Geld aus Brüssel? – EU-Kommission legt Aktionsplan zur Kapitalmarktunion vor

Am 30. September hat die EU-Kommission ihr Maßnahmenpaket zur Kapitalmarktunion veröffentlicht. Maßnahmenpaket ist vielleicht zu viel gesagt; denn es handelt sich ganz überwiegend um Ankündigungen nach dem Muster „Die Kommission wird die nationalen Regelungen und bewährten Praktiken bewerten, die Entwicklung beobachten und geeignete Maßnahmen prüfen.“ Immerhin scheint der EU-Kommission inzwischen klar geworden zu sein, wie wichtig Startups für die wirtschaftliche Entwicklung in der EU sind und dass Engpässe bei der Finanzierung von Startups, insbesondere bei der Wachstumsfinanzierung, bestehen.

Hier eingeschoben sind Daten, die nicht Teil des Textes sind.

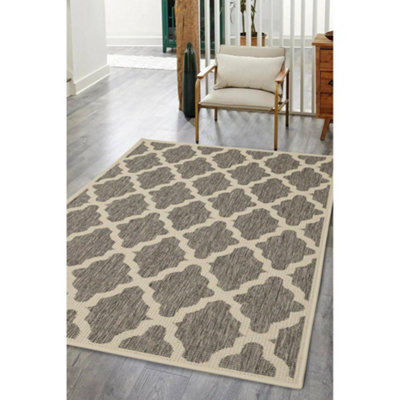 B&Q -  County Trellis Grey Patterned Indoor Non Slip Medium Area Rug 080/150Cm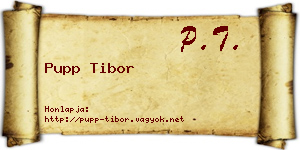 Pupp Tibor névjegykártya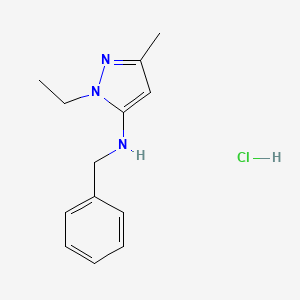 molecular formula C13H18ClN3 B12223400 N-benzyl-2-ethyl-5-methylpyrazol-3-amine;hydrochloride 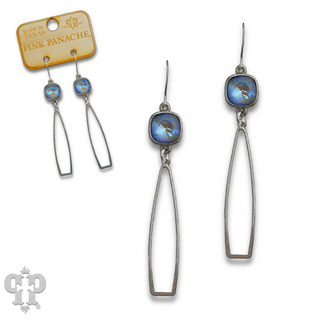 Silver oar shape earring with Austrian crystal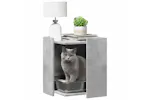 Cat Litter Box Enclosure Concrete Grey 42x42x51 Cm Engineered Wood Cat Litter Box Enclosure Concrete Grey 42x42x51 Cm Engineered Wood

So hat sie der Startup-Finanzierung ein eigenes Kapitel gewidmet. Finanzierungsmöglichkeiten für Startups über Business Angels und Crowdfunding werden dabei kurz gestreift, aber nicht vertieft diskutiert. Ein Bericht über Crowdfunding in der EU soll aber im ersten Quartal 2016 vorgelegt werden. Außerdem wird ein Maßnahmenpaket zur Förderung der Risiko- und Wagniskapitalfinanzierung angekündigt, das auch Steueranreize enthalten soll. Details hierzu verrät die Kommission aber noch nicht. Vorerst hat sie zusammen mit der Veröffentlichung ihres Aktionsplans eine Konsultation zu Risikokapital gestartet – dabei geht es im Wesentlichen um den Rechtsrahmen für europäische Risikokapitalfonds.

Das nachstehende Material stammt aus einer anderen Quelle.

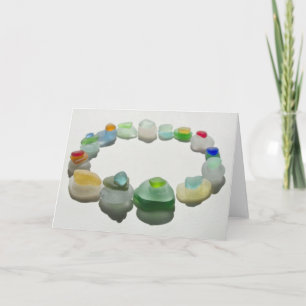 Zee, strandglas, zeldzame kleuren, blanco kaart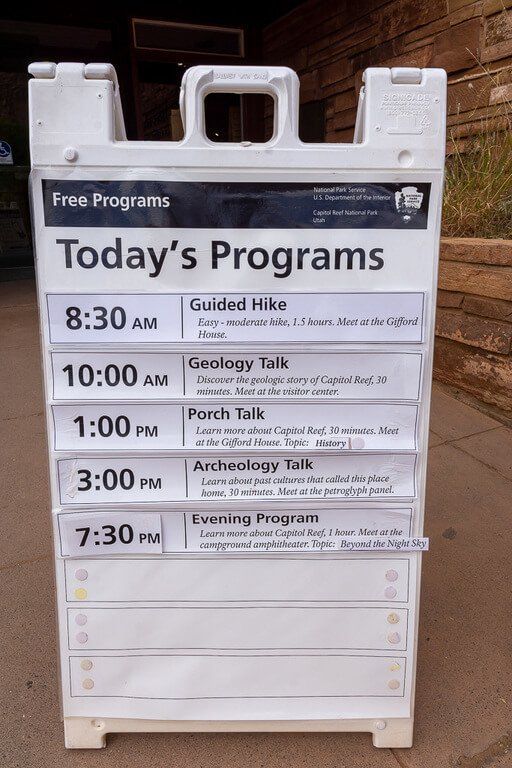 ranger led programs available at capitol reef on a notice board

Nachdem die Lehman-Pleite und die folgende Finanz- und Wirtschaftskrise zu einer erheblichen Verschärfung der Finanzmarktregulierung geführt hatte, scheint nun in Brüssel ein Umdenken einzusetzen. Die Kommission hat wohl gemerkt, dass eine strenge Regulierung nicht zwangsläufig zu einer besseren Kredit- und Kapitalversorgung der Wirtshaft führt. Nun soll das Investitionsniveau in Europa  durch Stärkung der Kapitalmärkte gesteigert werden. Zu erwarten sind daher weitere Änderungen in den regulatorischen Rahmenbedingungen für den Kapitalmarkt. So will die EU-Kommission z.B. die Prospekt-Richtlinie modernisieren und in eine Verordnung umwandeln. Sie wäre dann unmittelbar in den Mitgliedstaaten anwendbares Recht und würde entgegenstehende Vorschriften des deutschen Rechts (z.B. im Kleinanlegerschutzgesetz) verdrängen. Ziel der Änderungen ist es, die Vorschriften zur Erforderlichkeit eines Prospekts zu aktualisieren, die Angabepflichten und das Genehmigungsverfahren zu straffen und die Anforderungen an die Unternehmen verhältnismäßiger auszugestalten.

Damit enthält der Aktionsplan zur Kapitalmarktunion weitgehend Ankündigungen, die erst noch konkretisiert werden müssen. Mit den geplanten Aktionen will die EU Finanzierungskosten senken und Hindernisse für grenzüberschreitende Investitionen abbauen. Davon sollen erfreulicherweise auch Startups profitieren. Dies ist natürlich ein sinnvolles Ziel, sodass zu hoffen ist, dass vom Aktionsplan nicht nur Aktionismus übrig bleibt.